A container is essentially a context or boundary inside which some code is executed or some data is stored. And each container is a separately deployable/runnable thing or runtime environment, typically (but not always) running in its own process space. Because of this, communication between containers typically takes the form of an inter-process communication.

Component

The word “component” is a hugely overloaded term in the software development industry, but in this context a component is a grouping of related functionality encapsulated behind a well-defined interface. If you’re using a language like Java or C#, the simplest way to think of a component is that it’s a collection of implementation classes behind an interface. Aspects such as how those components are packaged (e.g. one component vs many components per JAR file, DLL, shared library, etc) is a separate and orthogonal concern.

An important point to note here is that all components inside a container typically execute in the same process space.

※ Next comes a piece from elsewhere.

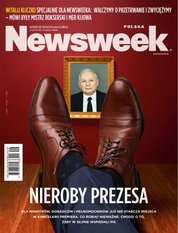 : Newsweek Polska - e-wydanie – 8/2023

In the C4 model, components are not separately deployable units.

Level 1: System Context diagram

A System Context diagram is a good starting point for diagramming and documenting a software system, allowing you to step back and see the big picture. Draw a diagram showing your system as a box in the centre, surrounded by its users and the other systems that it interacts with.
Detail isn’t important here as this is your zoomed out view showing a big picture of the system landscape. The focus should be on people (actors, roles, personas, etc) and software systems rather than technologies, protocols and other low-level details. It’s the sort of diagram that you could show to non-technical people.

Level 2: Container diagram

Once you understand how your system fits in to the overall IT environment, a really useful next step is to zoom-in to the system boundary with a Container diagram. A “container” is something like a server-side web application, single-page application, desktop application, mobile app, database schema, file system, etc. Essentially, a container is a separately runnable/deployable unit (e.g. a separate process space) that executes code or stores data.
The Container diagram shows the high-level shape of the software architecture and how responsibilities are distributed across it. It also shows the major technology choices and how the containers communicate with one another. It’s a simple, high-level technology focussed diagram that is useful for software developers and support/operations staff alike.

Level 3: Component diagram

Next you can zoom in and decompose each container further to identify the major structural building blocks and their interactions.

The Component diagram shows how a container is made up of a number of “components”, what each of those components are, their responsibilities and the technology/implementation details.

Level 4: Code

Finally, you can zoom in to each component to show how it is implemented as code; using UML class diagrams, entity relationship diagrams or similar.

This is an optional level of detail and is often available on-demand from tooling such as IDEs. Ideally this diagram would be automatically generated using tooling (e.g. an IDE or UML modelling tool), and you should consider showing only those attributes and methods that allow you to tell the story that you want to tell. This level of detail is not recommended for anything but the most important or complex components.

Notation

The C4 model doesn’t prescribe any particular notation. A simple notation that works well on whiteboards, paper, sticky notes, index cards and a variety of diagraming tools is as follows.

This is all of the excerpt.